Task: Without any of its pictures, the listing below should be output exactly.

Data provided:
Start of Block
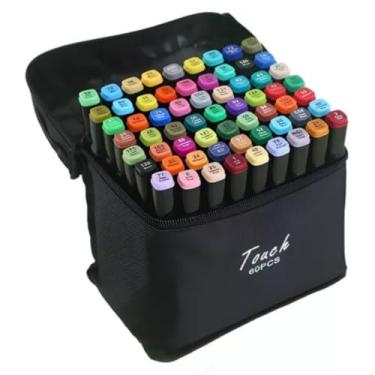 Imagem de Canetinha Ponta Dupla para Colorir Kit Estojo de Canetas Escolar Marcador Coloridas Permanente Duas Pontas (60 Cores)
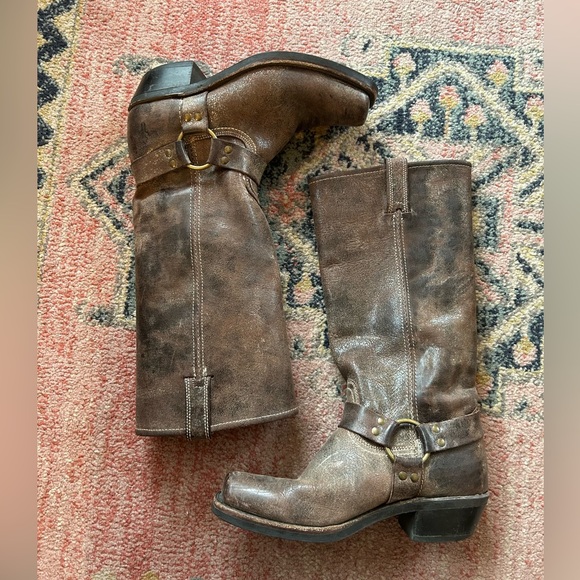 FRYE Harness 15R Brown Tall Knee High Biker Moto Motorcycle Boots - Picture 2 of 16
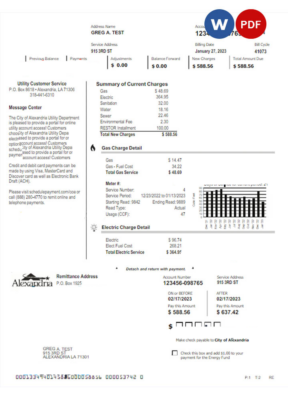 USA ALEXANDRIA utility bill Word and PDF template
End of Block
Task solution:
 Imagem de Canetinha Ponta Dupla para Colorir Kit Estojo de Canetas Escolar Marcador Coloridas Permanente Duas Pontas (60 Cores)
 FRYE Harness 15R Brown Tall Knee High Biker Moto Motorcycle Boots - Picture 2 of 16
 USA ALEXANDRIA utility bill Word and PDF template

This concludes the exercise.